Taiwan Words Translator 繁體中文台灣化翻譯器 by LLMs

https://github.com/SuJiaKuan/llm_tw_word

The model supports translation that converts text with China words to text with only Taiwan words. Example:

Input: 這個軟件的質量真高啊
Output: 這個軟體的品質真高啊

This Model

This model is fine-tuned from TinyLlama/TinyLlama-1.1B-Chat-v1.0 (by applying Instruction Finetuning).

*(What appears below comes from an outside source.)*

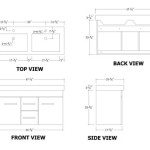 Size Of Double Sink Vanity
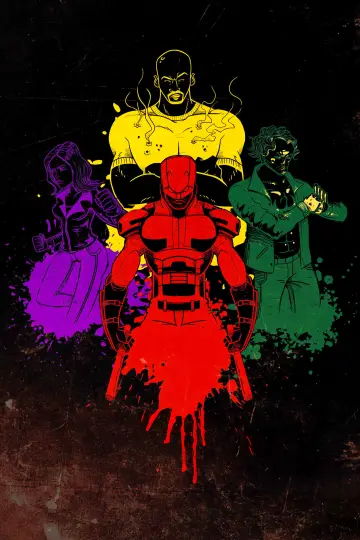 Plakat к сериалу "Marvel: Defenders" #1399708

The dataset is collected from MBZUAI/Bactrian-X and automatically labeled by 繁化姬.

How to use

You can follow the example usage below, or see here to know how to integrate the model into a Python class.

import torch
from transformers import pipeline

SYSTEM_PROMPT = """\
對於輸入內容的中文文字，請將中國用語轉成台灣的用語，其他非中文文字或非中國用語都維持不變。

範例：
Input: ```這個視頻的質量真高啊```
Output: ```這個影片的品質真高啊```\
"""

text_trad = "這個軟件的質量真高啊"

pipeline = pipeline(
    "text-generation",
    model="feabries/TaiwanWordTranslator-v0.1",
    torch_dtype=torch.bfloat16,
    device_map="auto",
)

prompt = "Input: ```{}```".format(text_trad)
messages = [{
    "role": "system",
    "content": SYSTEM_PROMPT,
}, {
    "role": "user",
    "content": prompt,
}]
input_text = pipeline.tokenizer.apply_chat_template(
    messages,
    tokenize=False,
    add_generation_prompt=True,
)
outputs = pipeline(
    input_text,
    do_sample=False,
    max_new_tokens=2048,
)
print(outputs[0]["generated_text"])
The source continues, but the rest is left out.